ガイデッドサージェリーを使用することで、ドリル先の位置や角度にあまり注意を払わなくて良くなり(注10)、次の処置を考えながら行えることが時間短縮に働いたのだと思います。
橋村先生の仰る通り、ガイデッドサージェリーの優位性をまざまざと実感しました。
プロビ装着実習では、ガイデッドサージェリーで埋入しているので位置のズレもほとんどなく、比較的スムーズに装着することができました。
現段階では無歯顎の方への治療として、ベターな治療方法はAll-on-4だと思います(注11)。
All-on-4を成功させるためには衛生士や技工士との連携は絶対に欠かせません。
当院では、そのためのスタッフ教育や、技工士との定期的な打ち合わせを行っております。
All-on-4でのご相談が御座いましたら、気楽にお申し付けください。
高崎ハルナモ歯科では、一般歯科のみではなく、インプラント、矯正、ダイレクトボンディング、審美歯科などの高度な歯科治療を提供できるように、常に研鑽を行っております。
なにか、お困り事がございましたら、気楽にご連絡ください。
注1:前歯の骨のすぐ上に鼻腔という、鼻を吸ったときに空気が通る空洞があります。鼻腔底とは、この空洞の一番下のことです。骨は、柔らかい海綿骨を取り囲むように皮質骨という硬い骨があります。All-on-4では、初期固定を硬い皮質骨に求めます。上顎の前歯相当部では、鼻腔底の皮質骨を利用します。
注2:通常10ミリ程度を利用することが多いですが、All-on-4では15ミリから18ミリの長いインプランを利用します。
注3:ラテラルとは側方という意味で、上顎洞底挙上術を行う際に奥歯がある頬側の粘膜を開けて上顎洞にアプローチする方法のことです。
注4:クレスタルとは歯槽部という意味で、上顎洞底挙上術を行う際に歯があった粘膜から開けて上顎洞にアプローチする方法のことです。
注5:骨造成とは、骨を人工的に作ることです。
注6:骨造成を行わないでインプランを埋入すると、だいたい3ヶ月くらいで型取りまですすめますが、骨造成を行う場合型取りまでに5ヶ月から1年近くかかります。
注7:All-on-4では全ての歯をインプラントに置き換えるので、保存可能な歯を抜く必要があります。保存可能な歯であったとしても、All-on-4を必要とする患者さんの歯は歯周病やう蝕に侵されており、保存するための処置を行っても、歯としての寿命は短い場合が多いです。また、中途半端に歯を残すことにより治療計画が複雑になったり、治療期間が長くなったり費用が高くなったりします。それらのことを患者さんとお話をして決めていきます。

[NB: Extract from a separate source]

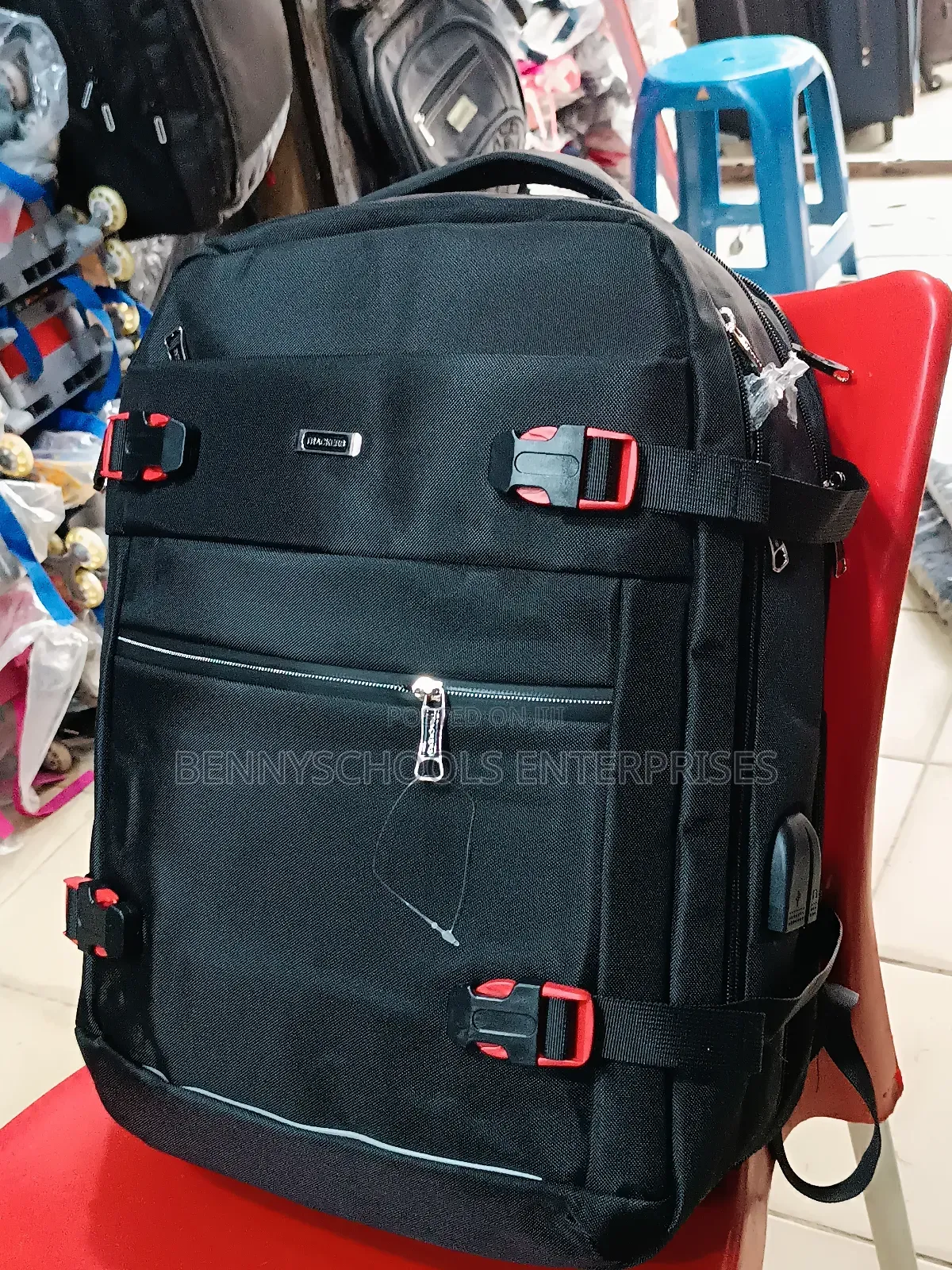 Trackers Quality Backpack and Laptop Bag With USB Ear Piece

注8:フリーハンドとは、ガイデッドサージェリーを利用しないで埋入することをいいます。
注9:ガイデッドサージェリー用のマウスピースを使用して埋入することを、ガイド下での処置といったりします。
注10: ガイデッドサージェリー用のマウスピースを装着してインプラント埋入を行うと位置決めした方向にしか、インプラントを入れられないため、フリーハンドより注意を向ける必要がなくなります。
注11:All-on-4は、保存可能な歯も抜歯したり、リダクションと言って骨をフラットにするために骨を削ったりします。そのため、時間や費用がかかってもしっかりと骨造成をしたり、保存修復処置をおこなうべきだという意見もあります。